My description of the advancement in technology and communication can be summarized in three words…a mixed blessing.
In all honesty, I would rather receive an Evite than have to pick up the phone and call in my RSVP. I love Facebook because the venue allows me to engage in short, fairly innocuous banter with people I haven’t seen in years without it appearing to be awkward. And nothing makes me happier then to have someone respond to my website post (even if it is a criticism) because I LOVE to connect with people through written word.
The problem is with the good comes the bad. Because of the explosion in choices we now have the ability to communicate through, it is easy to dodge the ultimate and primary mode of communication (good ole face to face connection).
I will be the first to admit I often gravitate to using the easiest way possible to communicate, leading to what I don’t want, which is MIScommunication.
Brigham text me from school the other day (which is a rant I won’t start) to say he’d gotten an 89% on his World History midterm, but that class average was a low B. So naturally I immediately congratulate him (“Way to go Dawg!”). Followed by…why is your average a low B? What happened prior to this test that brought you down?
(I am not one of those moms who constantly looks at the grades online…call me negligent, but I just have never taken the time to do it). His response, “Mom, I said the CLASS AVERAGE [for the test] was 82%, I have an A in the class as of right now.
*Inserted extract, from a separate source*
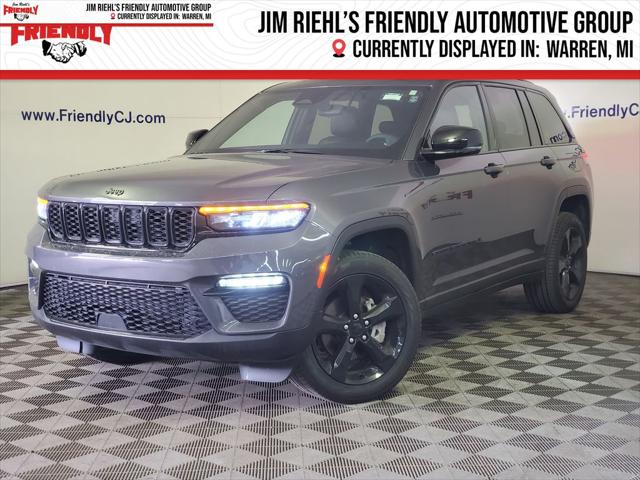 2024 Jeep Grand Cherokee Limited 4x4 for sale in Warren, MI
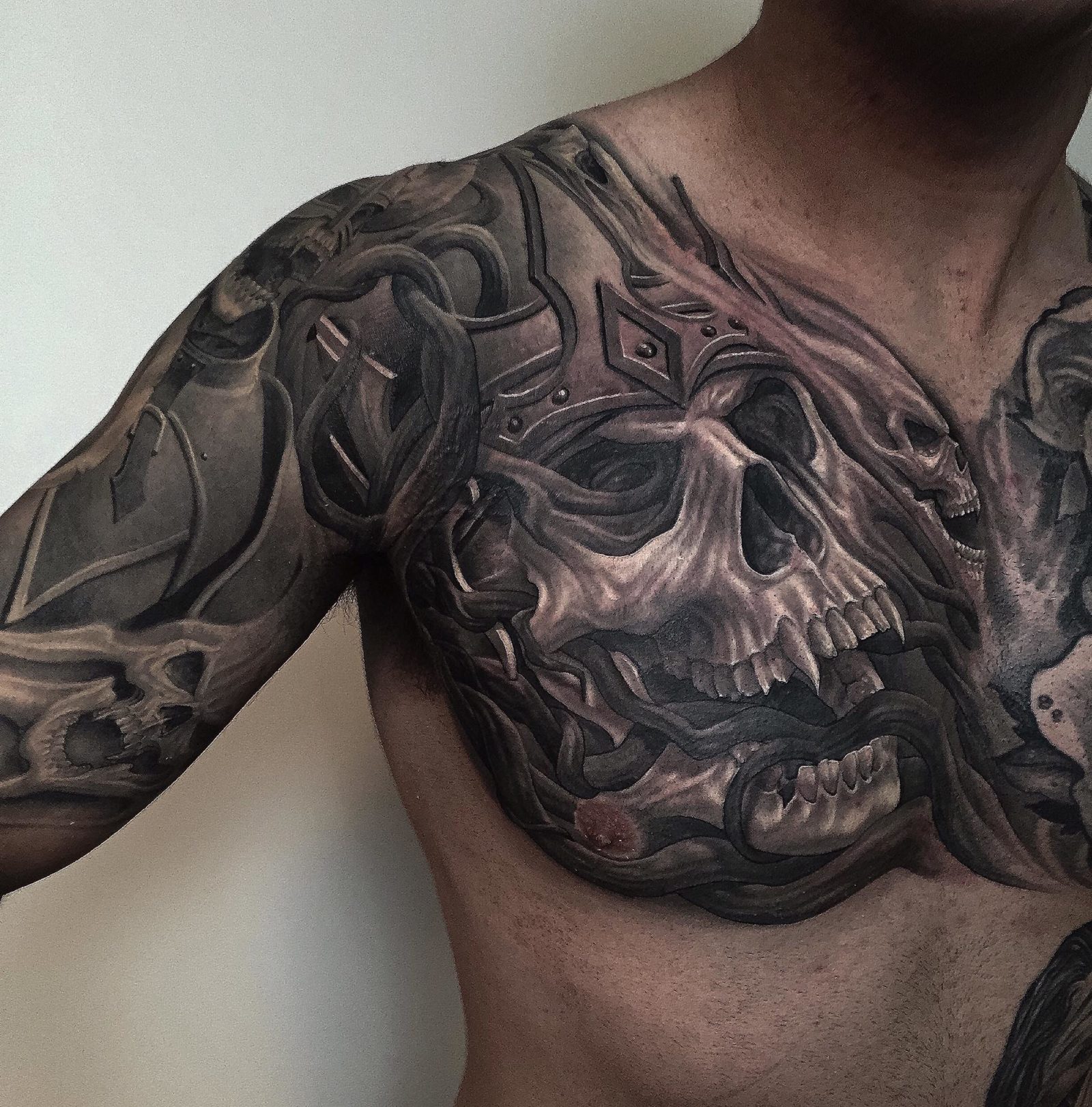 Featuring Realistic Tattoos By Greg Nicholson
That’s just a minor example.
In some respects this lack of personal back and forth is a crutch for all of us. I believe it even further perpetuates my introversion.
In addition, I am seeing quite a few problems with communication and the younger generation.
It is much easier to text or say something negative through social media than it is to be openly confrontational. People (can’t just point the finger at teenagers here) have been known to do everything from cussing to bullying to breaking up with one another all with little emotional involvement.
Another problem I see is how much time social media and texting is taking away from the reality of daily life and “being present”. Let’s face it, for the most part our days can be pretty boring, there is truly no need to announce on Facebook or Twitter when you are going to head to the store to buy something or tell the world how your kid slept last night. But many of us are guilty of it…myself included.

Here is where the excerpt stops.